**Work to complete**
In the material below, begin at the line that has "Cage Laundry Basket, Oak/White", stop after the line that has "39-Piece Home Tool", and transcribe those lines exactly, without pictures.

**Material supplied**
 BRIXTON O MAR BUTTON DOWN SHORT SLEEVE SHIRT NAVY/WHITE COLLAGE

---

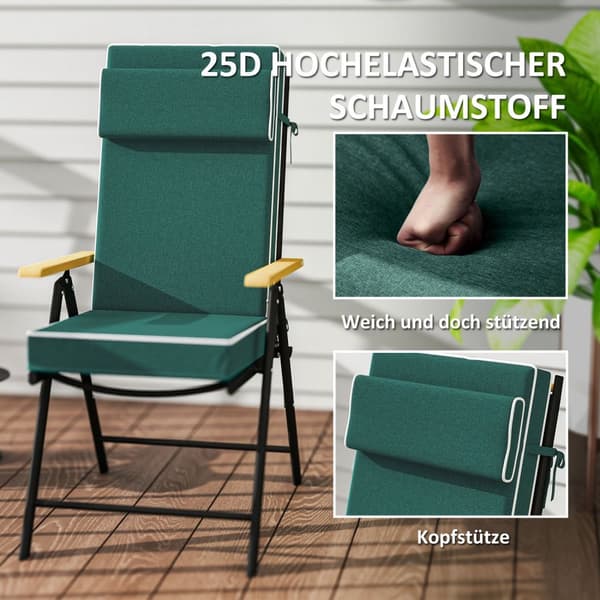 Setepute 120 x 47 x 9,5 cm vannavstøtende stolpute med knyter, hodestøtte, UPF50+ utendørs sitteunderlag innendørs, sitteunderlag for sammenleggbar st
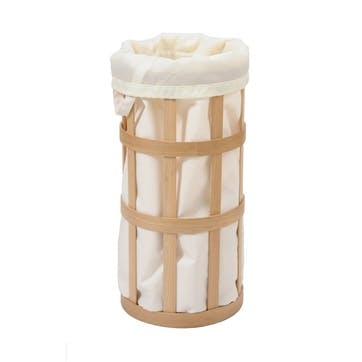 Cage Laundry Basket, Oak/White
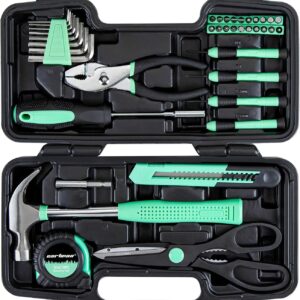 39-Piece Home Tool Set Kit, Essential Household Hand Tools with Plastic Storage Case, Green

**Task result**
 Cage Laundry Basket, Oak/White
 39-Piece Home Tool Set Kit, Essential Household Hand Tools with Plastic Storage Case, Green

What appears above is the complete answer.